It’s Narcissist Friday!
I am increasingly convinced that narcissism is an identity problem. Some of the older psychologists would say that is a problem of the self, but I find that uncomfortable because we usually think of the self as the center of consciousness. So I would say that the narcissist doesn’t really reject his self, but rejects his definition of self—what I would call identity.
For the narcissist, that definition is negative. He believes that he would be rejected if he relaxed or if he showed weakness. If you really knew him, you would hate him. That’s what he thinks. For many, this was the picture of growing up. Mom and Dad tolerated his presence, depersonalized him, devalued him. So he learned to hide what they saw. He became someone else. He adopted a new definition of his self.
He knew it was phony and he still knows it is phony. Yet, he doesn’t have a choice. He can’t be real, so he has to have something. And he craves acceptance. He wants to be loved. But, because he knows the identity he is using is phony, he can’t even feel that love and acceptance. He can’t really receive it because it is given to a false image.
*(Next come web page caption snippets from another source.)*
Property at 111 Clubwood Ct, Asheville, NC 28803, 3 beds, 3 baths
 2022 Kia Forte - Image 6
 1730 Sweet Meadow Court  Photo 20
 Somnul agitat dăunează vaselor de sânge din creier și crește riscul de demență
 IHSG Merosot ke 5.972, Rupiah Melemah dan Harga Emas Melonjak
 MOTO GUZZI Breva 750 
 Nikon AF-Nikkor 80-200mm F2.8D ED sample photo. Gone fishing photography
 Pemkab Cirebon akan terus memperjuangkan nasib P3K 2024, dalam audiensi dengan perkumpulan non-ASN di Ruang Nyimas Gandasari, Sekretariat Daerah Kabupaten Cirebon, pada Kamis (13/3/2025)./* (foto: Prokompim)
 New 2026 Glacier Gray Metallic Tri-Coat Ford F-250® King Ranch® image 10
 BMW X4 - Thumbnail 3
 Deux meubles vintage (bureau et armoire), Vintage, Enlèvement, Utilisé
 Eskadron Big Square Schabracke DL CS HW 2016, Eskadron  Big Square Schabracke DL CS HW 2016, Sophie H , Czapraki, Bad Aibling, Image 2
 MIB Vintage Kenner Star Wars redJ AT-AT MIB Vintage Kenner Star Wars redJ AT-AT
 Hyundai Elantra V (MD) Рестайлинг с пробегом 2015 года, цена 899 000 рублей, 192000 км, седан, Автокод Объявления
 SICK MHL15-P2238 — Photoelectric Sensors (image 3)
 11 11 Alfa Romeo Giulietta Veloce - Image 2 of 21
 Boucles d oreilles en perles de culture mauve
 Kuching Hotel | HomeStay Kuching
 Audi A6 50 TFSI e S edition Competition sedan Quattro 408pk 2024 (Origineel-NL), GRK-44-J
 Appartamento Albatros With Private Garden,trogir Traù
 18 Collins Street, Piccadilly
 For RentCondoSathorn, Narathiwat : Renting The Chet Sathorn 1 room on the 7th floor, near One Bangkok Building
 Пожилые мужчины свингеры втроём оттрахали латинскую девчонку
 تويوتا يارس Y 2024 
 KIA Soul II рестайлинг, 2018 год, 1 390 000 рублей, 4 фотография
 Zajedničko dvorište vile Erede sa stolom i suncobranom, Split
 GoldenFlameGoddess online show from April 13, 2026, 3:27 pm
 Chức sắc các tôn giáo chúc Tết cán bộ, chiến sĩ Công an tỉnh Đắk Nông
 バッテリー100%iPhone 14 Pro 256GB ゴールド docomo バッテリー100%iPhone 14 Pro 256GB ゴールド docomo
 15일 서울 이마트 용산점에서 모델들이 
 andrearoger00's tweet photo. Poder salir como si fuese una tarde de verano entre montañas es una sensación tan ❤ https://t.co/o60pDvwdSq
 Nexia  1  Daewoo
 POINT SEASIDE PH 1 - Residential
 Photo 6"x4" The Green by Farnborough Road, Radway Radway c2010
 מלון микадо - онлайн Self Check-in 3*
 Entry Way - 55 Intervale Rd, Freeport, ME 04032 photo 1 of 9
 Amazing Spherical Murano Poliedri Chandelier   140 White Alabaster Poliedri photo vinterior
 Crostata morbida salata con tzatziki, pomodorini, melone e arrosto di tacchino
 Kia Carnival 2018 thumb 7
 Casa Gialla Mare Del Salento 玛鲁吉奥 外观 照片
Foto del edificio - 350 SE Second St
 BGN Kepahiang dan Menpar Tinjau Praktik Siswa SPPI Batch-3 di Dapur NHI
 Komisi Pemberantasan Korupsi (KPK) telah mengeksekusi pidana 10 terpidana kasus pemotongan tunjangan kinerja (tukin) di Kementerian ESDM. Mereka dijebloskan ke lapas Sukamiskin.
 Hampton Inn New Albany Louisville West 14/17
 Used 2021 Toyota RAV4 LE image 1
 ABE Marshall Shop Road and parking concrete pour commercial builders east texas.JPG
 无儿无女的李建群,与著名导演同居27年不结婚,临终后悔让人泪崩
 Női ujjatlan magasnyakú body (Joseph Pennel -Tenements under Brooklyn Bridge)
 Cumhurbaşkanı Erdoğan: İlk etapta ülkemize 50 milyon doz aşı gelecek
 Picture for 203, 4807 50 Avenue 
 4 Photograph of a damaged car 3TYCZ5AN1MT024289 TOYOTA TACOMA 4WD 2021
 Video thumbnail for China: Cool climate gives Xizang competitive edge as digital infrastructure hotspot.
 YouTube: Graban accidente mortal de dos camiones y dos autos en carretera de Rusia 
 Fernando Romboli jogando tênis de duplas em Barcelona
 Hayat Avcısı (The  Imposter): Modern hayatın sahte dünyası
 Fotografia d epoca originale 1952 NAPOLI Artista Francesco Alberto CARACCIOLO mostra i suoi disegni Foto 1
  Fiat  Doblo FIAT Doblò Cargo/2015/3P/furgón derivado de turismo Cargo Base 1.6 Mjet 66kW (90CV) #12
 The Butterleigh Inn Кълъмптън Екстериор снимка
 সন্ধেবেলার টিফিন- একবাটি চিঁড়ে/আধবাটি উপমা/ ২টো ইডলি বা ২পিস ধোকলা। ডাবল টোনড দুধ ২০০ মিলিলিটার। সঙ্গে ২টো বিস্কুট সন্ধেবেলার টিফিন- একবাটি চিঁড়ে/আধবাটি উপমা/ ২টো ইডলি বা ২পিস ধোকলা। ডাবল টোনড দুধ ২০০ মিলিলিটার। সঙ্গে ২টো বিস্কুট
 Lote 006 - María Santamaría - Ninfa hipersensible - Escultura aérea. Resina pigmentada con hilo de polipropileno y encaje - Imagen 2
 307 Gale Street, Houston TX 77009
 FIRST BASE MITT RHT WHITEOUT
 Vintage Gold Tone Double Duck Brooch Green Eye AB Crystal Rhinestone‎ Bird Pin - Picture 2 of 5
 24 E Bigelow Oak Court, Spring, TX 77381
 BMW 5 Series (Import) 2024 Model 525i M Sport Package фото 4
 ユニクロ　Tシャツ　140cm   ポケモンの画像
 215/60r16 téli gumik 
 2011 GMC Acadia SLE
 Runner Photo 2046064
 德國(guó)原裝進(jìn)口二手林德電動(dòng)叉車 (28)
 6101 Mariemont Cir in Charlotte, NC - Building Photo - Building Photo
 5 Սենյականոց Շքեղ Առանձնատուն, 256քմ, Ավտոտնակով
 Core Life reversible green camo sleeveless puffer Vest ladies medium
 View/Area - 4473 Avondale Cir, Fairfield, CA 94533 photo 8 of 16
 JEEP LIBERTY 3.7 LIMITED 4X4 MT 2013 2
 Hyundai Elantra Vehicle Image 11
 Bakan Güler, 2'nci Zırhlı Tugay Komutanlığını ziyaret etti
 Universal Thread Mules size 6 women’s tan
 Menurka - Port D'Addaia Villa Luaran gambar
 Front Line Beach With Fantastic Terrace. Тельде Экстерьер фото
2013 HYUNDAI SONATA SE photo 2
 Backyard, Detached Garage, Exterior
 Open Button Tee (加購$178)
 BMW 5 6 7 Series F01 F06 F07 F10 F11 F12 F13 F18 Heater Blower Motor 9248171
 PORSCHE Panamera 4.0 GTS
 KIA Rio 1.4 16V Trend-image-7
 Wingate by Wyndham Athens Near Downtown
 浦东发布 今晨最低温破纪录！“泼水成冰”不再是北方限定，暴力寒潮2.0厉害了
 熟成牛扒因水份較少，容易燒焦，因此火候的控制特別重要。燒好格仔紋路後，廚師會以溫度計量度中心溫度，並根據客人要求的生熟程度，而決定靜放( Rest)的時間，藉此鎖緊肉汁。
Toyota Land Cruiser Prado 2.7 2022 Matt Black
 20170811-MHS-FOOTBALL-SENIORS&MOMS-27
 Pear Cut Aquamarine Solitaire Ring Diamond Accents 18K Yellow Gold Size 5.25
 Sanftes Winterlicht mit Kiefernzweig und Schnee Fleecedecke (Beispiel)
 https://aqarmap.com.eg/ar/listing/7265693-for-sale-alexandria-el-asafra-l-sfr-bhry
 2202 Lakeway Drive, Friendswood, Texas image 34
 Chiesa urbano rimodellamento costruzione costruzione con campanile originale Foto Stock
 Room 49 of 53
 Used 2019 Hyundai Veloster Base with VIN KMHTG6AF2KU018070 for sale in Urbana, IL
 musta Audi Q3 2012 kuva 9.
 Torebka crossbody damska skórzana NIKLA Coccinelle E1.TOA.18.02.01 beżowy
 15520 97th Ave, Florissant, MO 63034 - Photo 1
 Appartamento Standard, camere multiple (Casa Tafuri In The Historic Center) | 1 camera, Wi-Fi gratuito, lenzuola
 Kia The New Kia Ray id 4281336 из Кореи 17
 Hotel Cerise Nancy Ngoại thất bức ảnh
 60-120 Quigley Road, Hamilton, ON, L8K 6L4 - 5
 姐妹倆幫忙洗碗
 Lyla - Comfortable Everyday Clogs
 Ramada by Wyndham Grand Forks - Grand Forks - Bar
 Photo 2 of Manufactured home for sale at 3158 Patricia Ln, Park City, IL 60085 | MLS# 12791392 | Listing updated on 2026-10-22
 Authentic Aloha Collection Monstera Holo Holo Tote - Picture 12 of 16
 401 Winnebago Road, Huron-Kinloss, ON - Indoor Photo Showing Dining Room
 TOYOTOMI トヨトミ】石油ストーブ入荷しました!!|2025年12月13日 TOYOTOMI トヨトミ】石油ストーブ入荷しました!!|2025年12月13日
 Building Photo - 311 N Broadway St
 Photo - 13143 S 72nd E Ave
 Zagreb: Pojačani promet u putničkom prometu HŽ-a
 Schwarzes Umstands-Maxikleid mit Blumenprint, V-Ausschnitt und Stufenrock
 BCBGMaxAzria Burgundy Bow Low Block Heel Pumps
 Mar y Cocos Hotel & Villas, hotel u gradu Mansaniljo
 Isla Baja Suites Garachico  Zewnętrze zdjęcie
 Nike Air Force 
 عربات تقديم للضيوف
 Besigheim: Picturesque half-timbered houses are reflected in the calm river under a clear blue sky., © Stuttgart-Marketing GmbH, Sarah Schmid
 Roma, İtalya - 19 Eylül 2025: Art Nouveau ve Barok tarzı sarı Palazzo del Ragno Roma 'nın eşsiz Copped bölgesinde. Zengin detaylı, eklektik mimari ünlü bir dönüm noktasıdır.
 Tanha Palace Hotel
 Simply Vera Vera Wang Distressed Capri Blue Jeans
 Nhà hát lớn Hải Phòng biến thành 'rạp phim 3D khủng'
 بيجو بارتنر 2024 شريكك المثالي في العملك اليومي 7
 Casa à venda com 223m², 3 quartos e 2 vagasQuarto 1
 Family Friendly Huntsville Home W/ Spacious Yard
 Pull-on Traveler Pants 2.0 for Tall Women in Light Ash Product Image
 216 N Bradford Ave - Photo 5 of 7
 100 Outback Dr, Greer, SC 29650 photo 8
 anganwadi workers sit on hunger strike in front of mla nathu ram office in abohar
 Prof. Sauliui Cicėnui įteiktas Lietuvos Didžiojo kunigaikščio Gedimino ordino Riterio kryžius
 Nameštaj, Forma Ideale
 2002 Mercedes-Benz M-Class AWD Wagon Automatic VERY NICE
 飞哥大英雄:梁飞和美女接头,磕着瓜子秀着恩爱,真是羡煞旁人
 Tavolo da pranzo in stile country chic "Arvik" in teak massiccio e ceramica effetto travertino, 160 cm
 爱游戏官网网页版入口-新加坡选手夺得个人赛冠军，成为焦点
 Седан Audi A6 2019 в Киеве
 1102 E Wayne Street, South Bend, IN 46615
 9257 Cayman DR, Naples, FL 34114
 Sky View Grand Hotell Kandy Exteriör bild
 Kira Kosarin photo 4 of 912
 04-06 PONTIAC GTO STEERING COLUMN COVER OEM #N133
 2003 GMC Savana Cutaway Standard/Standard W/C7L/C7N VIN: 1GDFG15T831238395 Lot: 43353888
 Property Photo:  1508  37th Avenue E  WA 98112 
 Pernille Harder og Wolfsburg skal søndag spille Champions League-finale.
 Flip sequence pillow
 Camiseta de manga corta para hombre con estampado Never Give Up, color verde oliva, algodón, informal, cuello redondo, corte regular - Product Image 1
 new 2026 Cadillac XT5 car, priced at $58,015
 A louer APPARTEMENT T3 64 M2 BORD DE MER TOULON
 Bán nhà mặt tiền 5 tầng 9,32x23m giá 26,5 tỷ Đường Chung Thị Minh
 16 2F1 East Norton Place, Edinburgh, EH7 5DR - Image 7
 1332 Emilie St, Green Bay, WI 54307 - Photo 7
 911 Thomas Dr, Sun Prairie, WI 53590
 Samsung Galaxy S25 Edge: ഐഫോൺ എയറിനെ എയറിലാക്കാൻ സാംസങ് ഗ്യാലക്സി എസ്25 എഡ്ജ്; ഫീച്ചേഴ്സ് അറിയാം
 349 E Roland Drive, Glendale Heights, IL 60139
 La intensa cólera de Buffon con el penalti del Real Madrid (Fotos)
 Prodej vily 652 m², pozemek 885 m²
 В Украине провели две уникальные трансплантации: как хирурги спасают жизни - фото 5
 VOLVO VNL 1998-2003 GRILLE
Because he cannot feel the love, he demands more and more of it. He looks past true affection and sees loyalty, devotion, and worship. The deeper the feelings he can cultivate in the other, the more hope he has of feeling the satisfaction of being accepted. But it can’t ever satisfy because it is never directed to what he thinks is the real definition of his self. This is why we call the love others give “narcissistic supply.” It is very similar to a drug that creates dependency but never satisfies.
If the narcissist were able to come out of hiding and find the love and acceptance, perhaps he could release the false image and live again. But few are able to do this because they don’t want to accept the truth. They fear it too much. When they talk with family and friends, or counselors, or even God, they promote the image they believe is acceptable.
When you enter into a relationship with a narcissist and you have a reasonably healthy identity, even as a Christian, the narcissist almost immediately sets himself against your identity. He may do one or both of two things. He may attempt to add your identity to his image by controlling you. He separates you from any independent support, makes you dependent only on him, and takes credit for anything you do that adds to his image. He may even make you the scapegoat for any failure he experiences.
The other thing he may do is seek to destroy your sense of identity. Because he knows of the falsehood in his own heart, he assumes that falsehood in the hearts of others. In fact, he cannot be at peace unless he shows that identity to be false. So he may decide to counter everything you do. He argues with you and points out your failures. He tells you that others do not accept you. He tells you that you are unworthy. He projects his own falsity on you.
Sadly, the narcissist is often very good at these things. Even stable and healthy people can be brought to the point where they forget who they are under constant criticism or manipulation. Solid Christians begin to think they are unacceptable to God and others. They forget who they are and lose their source of support and joy.
Identity is powerful. When we find it and accept it, we have freedom and peace. Once again, the struggle of narcissism and the truth of the message of Jesus are brought together. He is the answer when we find our identity in Him.